Sabor’s Queer Jukebox: “Mr. Jones”

This is the first post in a series driven by my partner Sabor’s keen interest in popular music.  In it, she and I will be looking at some hits of yesteryear and elucidating their queer subtexts.

It’s surprising we didn’t realize how queer a song “Mr. Jones” is until now.  Upon review, the song is about two gay men who are regulars at a strip club.   They are trying to pass as straight.  In the video, the sexual undertones are implied through the singer’s terrible costume and dance movements. He is a bird in heat. As his fringe leather vest slips sexily off his one shoulder, he closes his eyes chanting, “I wanna be someone to believe, to believe, to believe. Yeah.”

“How would you describe his hair?” Sabor asks me.

I respond, “Irresponsible, young, woke white man.”  In our era, he would have been out, but in the 90s he is in the strip club with Mr. Jones.

Sabor theorizes, “I think he has bastard children but it was because of his mistaken sexual orientation.
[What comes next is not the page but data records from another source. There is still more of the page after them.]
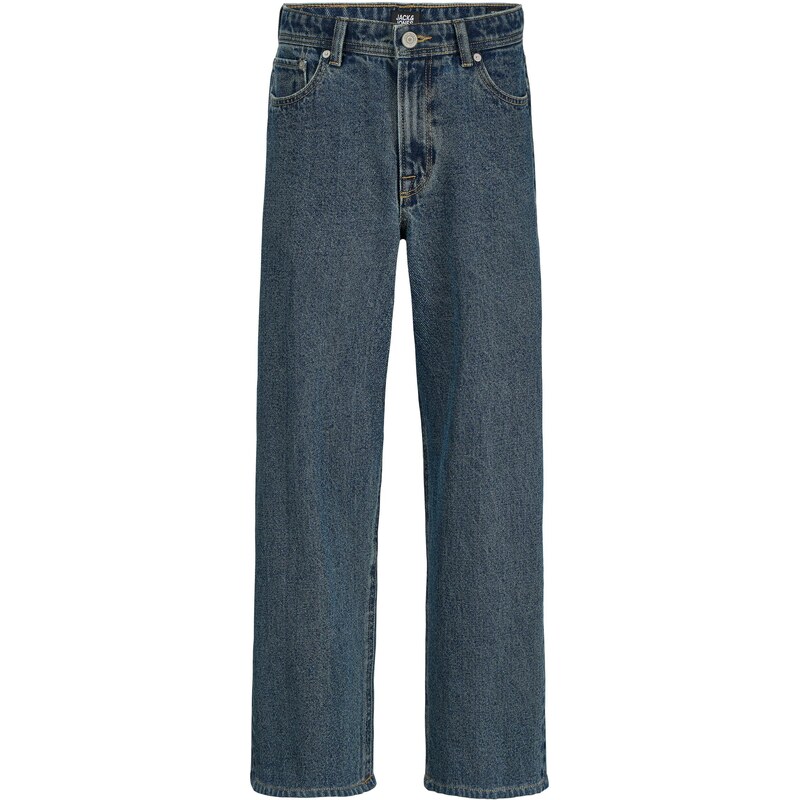 Jack & Jones Junior Džínsy JJIAlex JJOriginal modrá denim 67361858
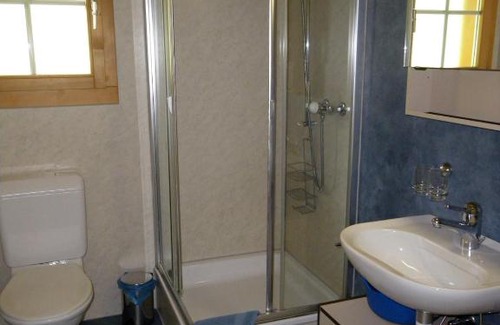 Grindelwald Apartment | Am Eigen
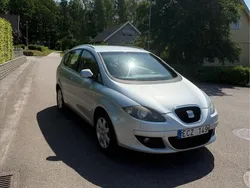 Silver Begagnad 2007 Seat Altea XL Minibuss | 18 000 kr (Marknadspris)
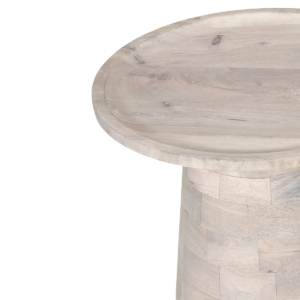 WOOD Side Table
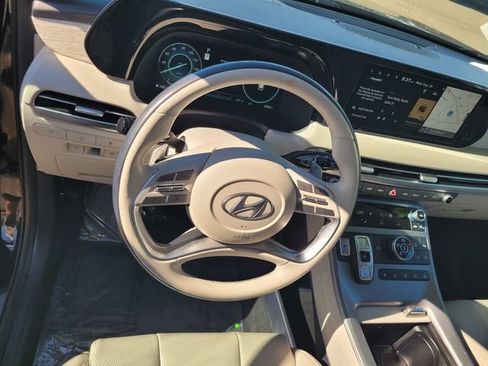 Used 2024 Hyundai Palisade Calligraphy AWD/4WD image 31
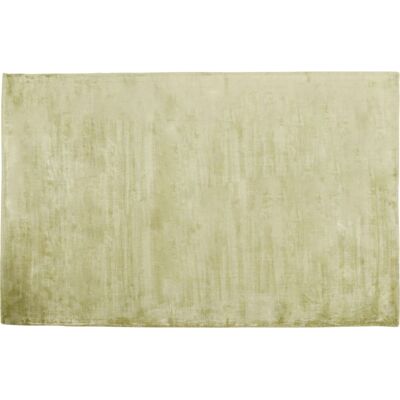 Kare Design Tapis en viscose verte 240x170 Vert 240x2x170cm - Publicité Kare Design Tapis en viscose verte 240x170 Vert 240x2x170cm - Publicité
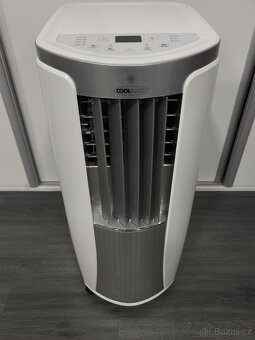 Klimatizace coolexpert - 4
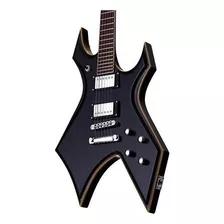 Guitarra Eléctrica Bc Rich Mk5 Warlock 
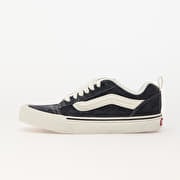 Vans Knu Skool Pig Suede Grey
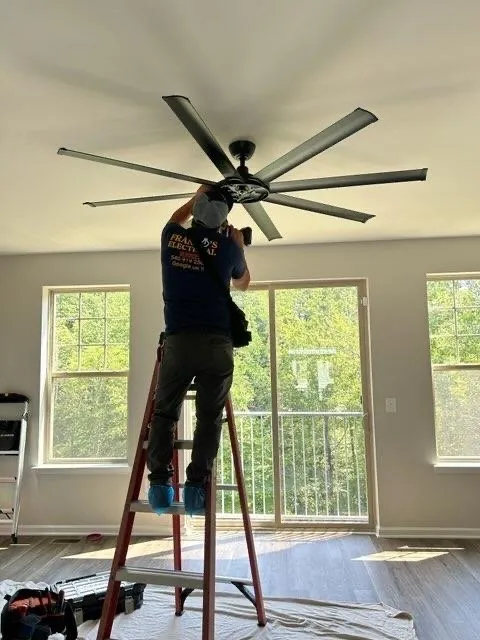 Reliable emergency electrical service experts serving ,  - Franco's Electrical Services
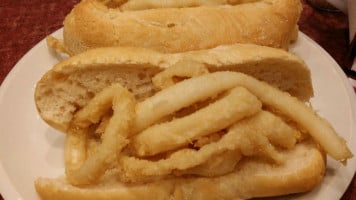 Informal food
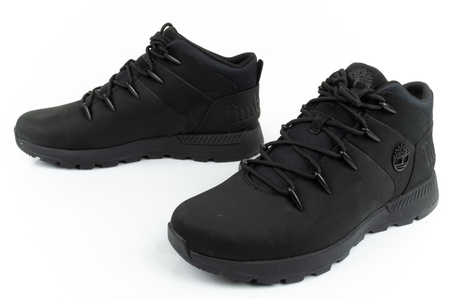 Timberland Sprint Trekker Herrenschuhe [TB0A1YN5015] schwarz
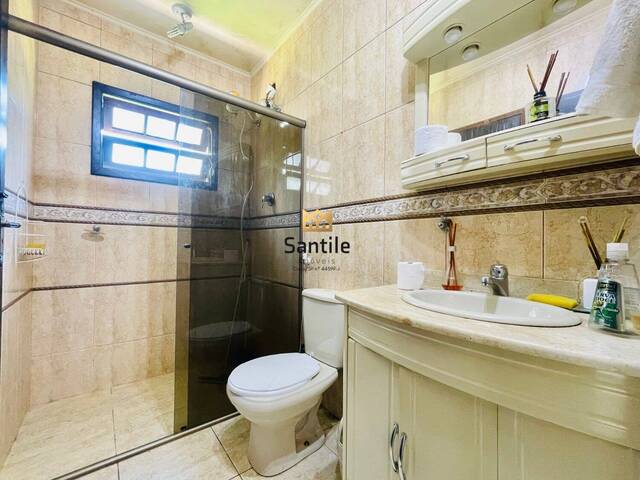 #282 - Casa para Venda em Caraguatatuba - SP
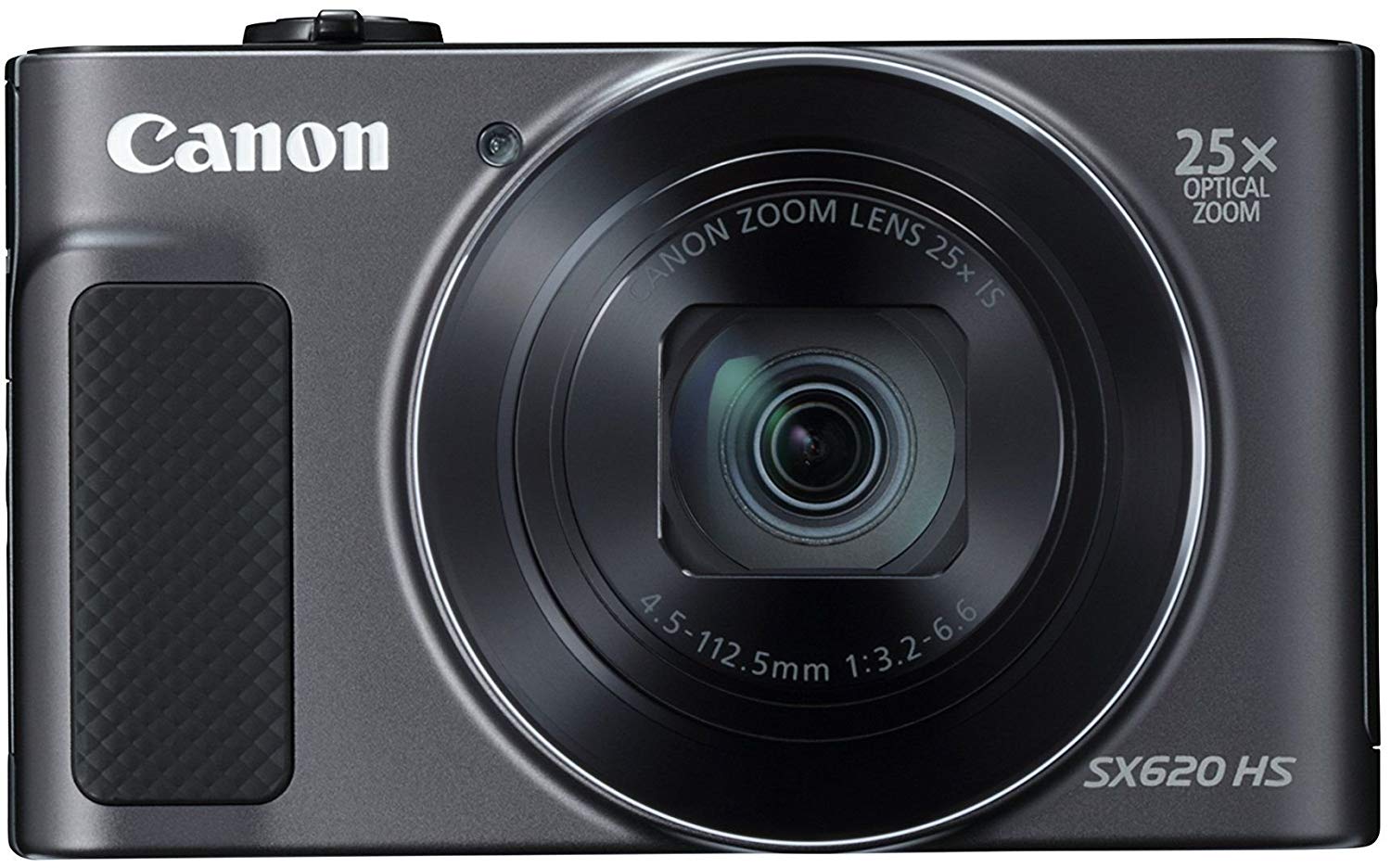 Canon PowerShot SX620 HS (preto)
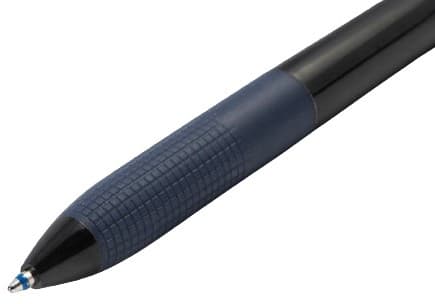 Pilot Super Grip four color pen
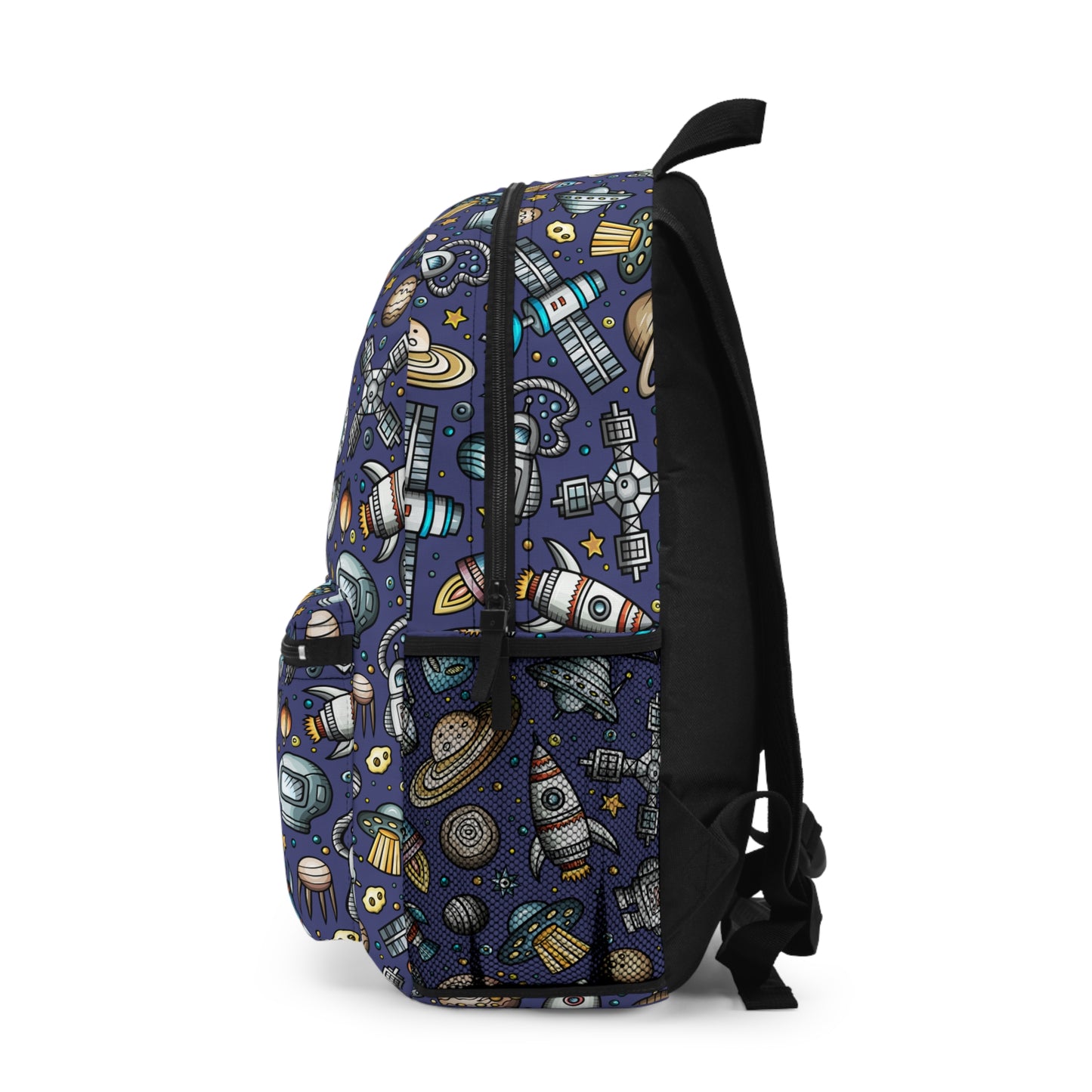 Outer Space Backpack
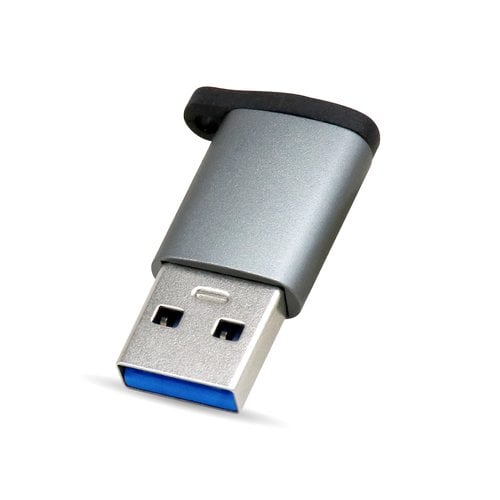 BRobotix ADAPTADOR USB TIPO C HEMBRA - U - imagen 4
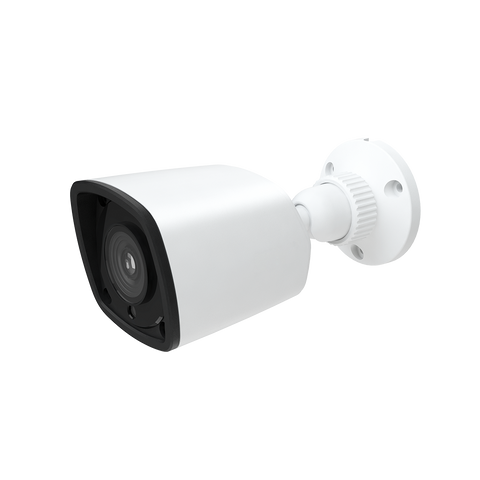3MP H.264 HD IP Small IR Bullet Fixed Camera | IP-IR3S24-3.6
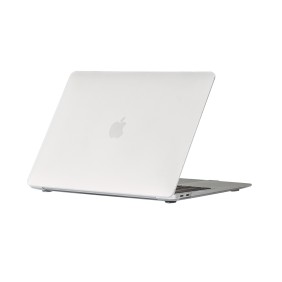 Crystaline Durable Plastic Hardshell MacBook Cases: Ultimate Protection and Style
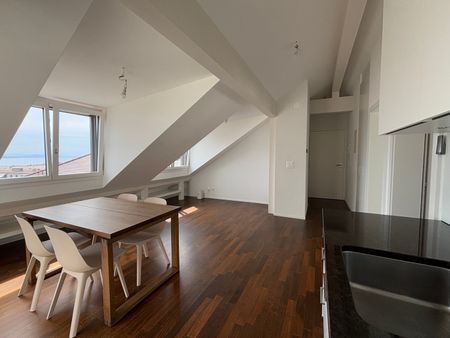 2.5 Zimmer, 51 m², 6. Stock - Photo 5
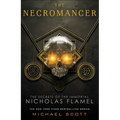 The Necromancer - Hardcover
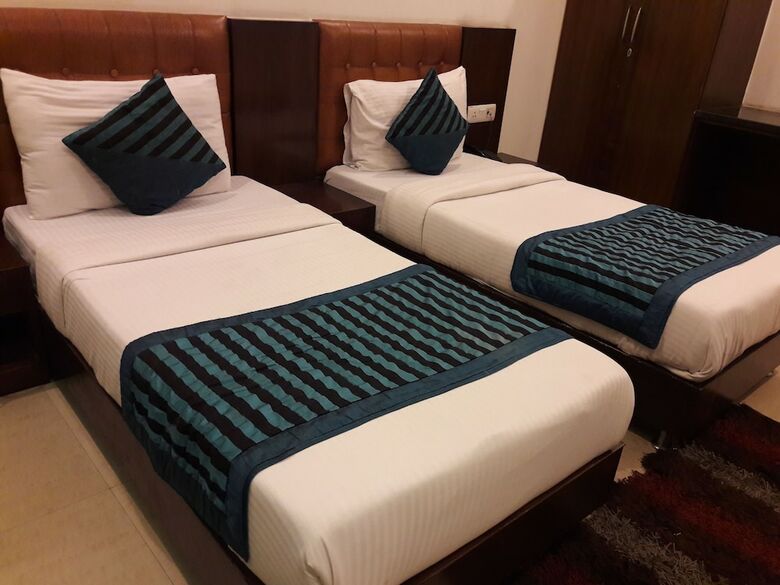 Hotel Smart Inn-1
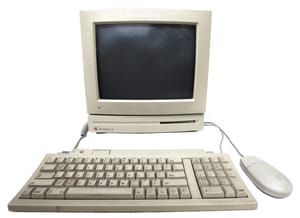 Этот день в истории Apple: выходит Mac LC 520 нацеленный на образовательный рынок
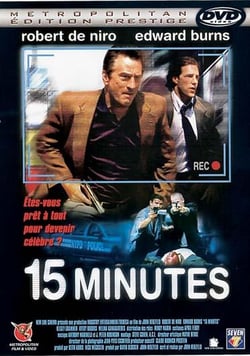 15 minutes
He was trying to pass for straight.”

The singer and Mr. Jones’ love is unconsummated but that does not prevent it from being very deep and real.  They have adorable couple competitions, “She’s looking at you/Ah, no, no, she’s looking at me.”

A vaguely defined academic concept from Sabor’s book on Korean sex workers rears its head. “Necropolitics,” Sabor observes. The singer stares into the future–one made of screens full of static.  A poor Latina woman dances for him. She is also queer and oppressed. This is the theme of their crop: their inner death.